## YOUR OBJECTIVE
Copy out the lines of the records below, and only those lines, from the one with "VYBE The Smart" through the one with "Grohe 34733002 - Sprchový", exactly as they appear.
━━━ DATA SHOWN
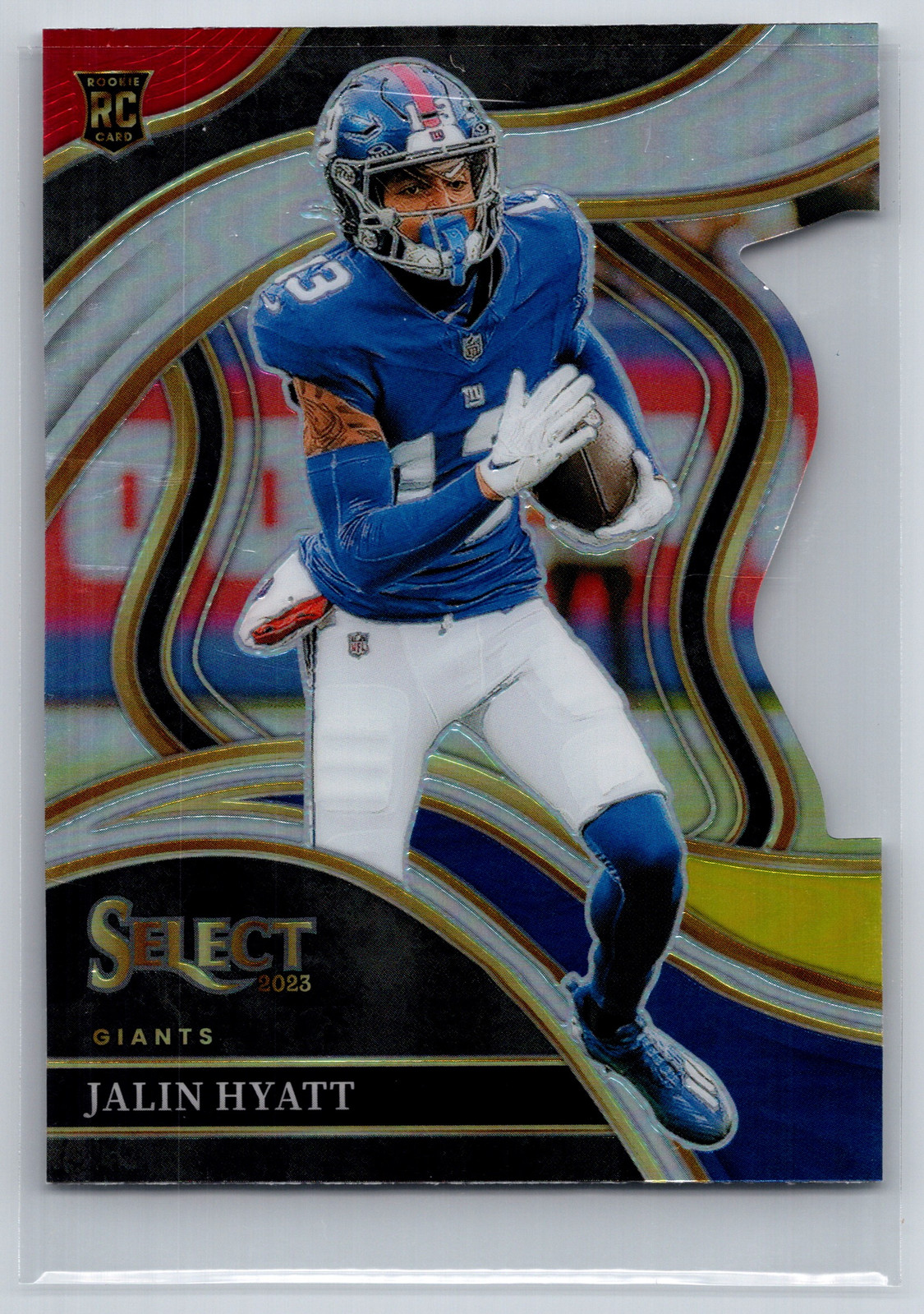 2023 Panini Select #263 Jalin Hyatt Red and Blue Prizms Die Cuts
━━━━━━
━━━ DATA SHOWN
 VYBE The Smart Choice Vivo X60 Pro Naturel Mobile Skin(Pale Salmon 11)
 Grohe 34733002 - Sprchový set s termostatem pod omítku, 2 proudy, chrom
━━━━━━
## RESULT
 VYBE The Smart Choice Vivo X60 Pro Naturel Mobile Skin(Pale Salmon 11)
 Grohe 34733002 - Sprchový set s termostatem pod omítku, 2 proudy, chrom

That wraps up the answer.